Too Lay Khoon, Hunt Nicholas, Simunovic Matthew P
Faculty of Medicine and Health, Save Sight Institute, The University of Sydney, Sydney, NSW, Australia.
Discipline of Pathology, Faculty of Medicine and Health, The University of Sydney, Sydney, NSW, Australia.
Front Cell Neurosci. 2021 Mar 26;15:635486. doi: 10.3389/fncel.2021.635486. eCollection 2021.
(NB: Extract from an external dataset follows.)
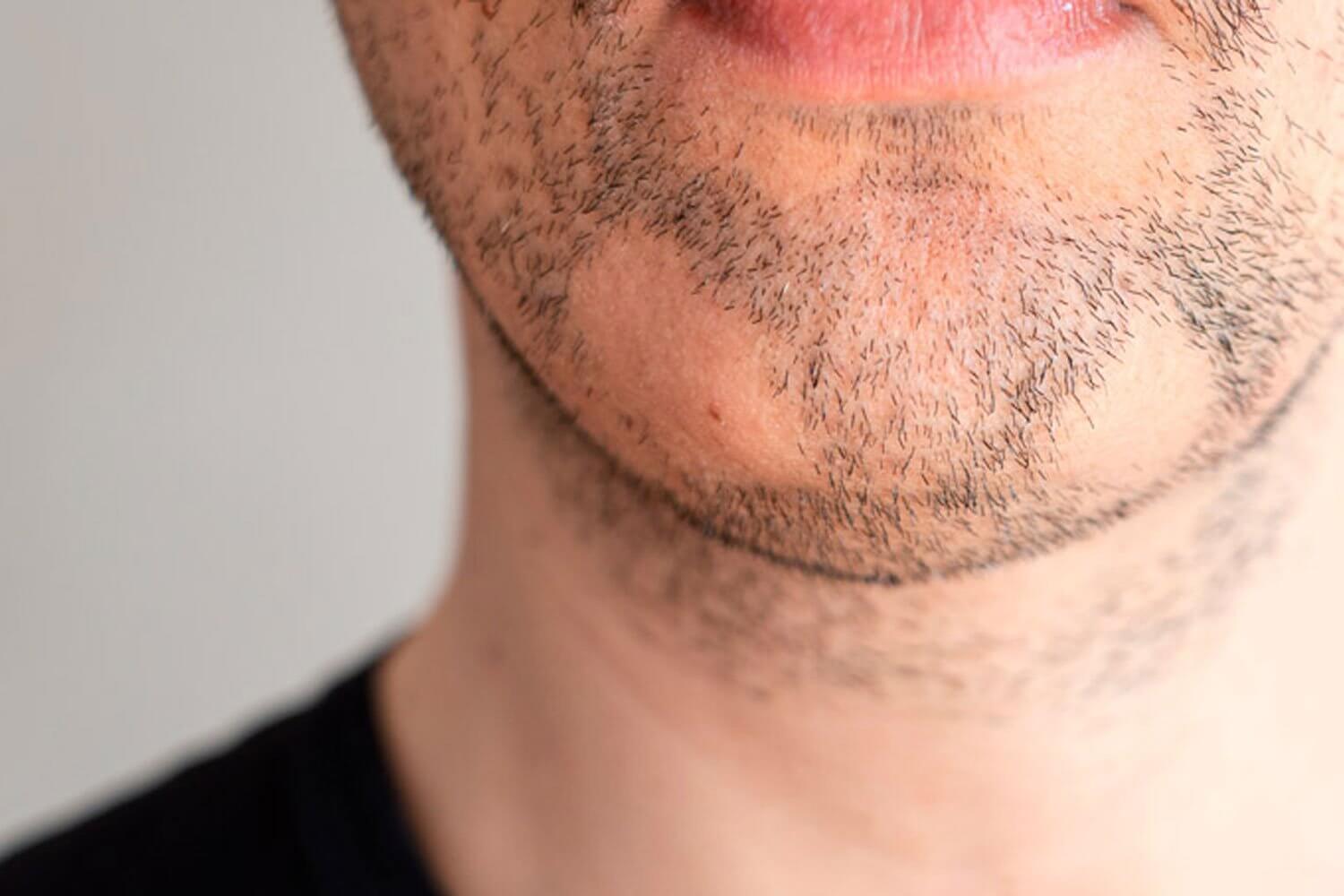 Alopecia della barba le cause principali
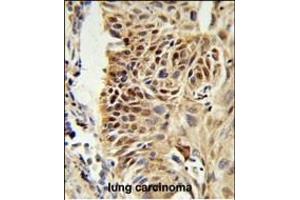 CIRBP Antibody (C-term) (ABIN653083 and ABIN2842680) IHC analysis in formalin fixed and paraffin embedded human lung carcinoma followed by peroxidase conjugation of the secondary antibody and DAB staining. (CIRBP 抗体  (C-Term))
Age-related neurodegenerative diseases, such as Alzheimer disease (AD) and age-related macular degeneration (AMD), are multifactorial and have diverse genetic and environmental risk factors. Despite the complex nature of the diseases, there is long-standing, and growing, evidence linking microbial infection to the development of AD dementia, which we summarize in this article. Also, we highlight emerging research findings that support a role for parainfection in the pathophysiology of AMD, a disease of the neurosensory retina that has been shown to share risk factors and pathological features with AD. Acute neurological infections, such as Bacterial Meningitis (BM), trigger inflammatory events that permanently change how the brain functions, leading to lasting cognitive impairment. Neuroinflammation likewise is a known pathological event that occurs in the early stages of chronic age-related neurodegenerative diseases AD and AMD and might be triggered as a parainfectious event. To date, at least 16 microbial pathogens have been linked to the development of AD; on the other hand, investigation of a microbe-AMD relationship is in its infancy. This mini-review article provides a synthesis of existing evidence indicating a contribution of parainfection in the aetiology of AD and of emerging findings that support a similar process in AMD. Subsequently, it describes the major immunopathological mechanisms that are common to BM and AD/AMD. Together, this evidence leads to our proposal that both AD and AMD may have an infectious aetiology that operates through a dysregulated inflammatory response, leading to deleterious outcomes. Last, it draws fresh insights from the existing literature about potential therapeutic options for BM that might alleviate neurological disruption associated with infections, and which could, by extension, be explored in the context of AD and AMD.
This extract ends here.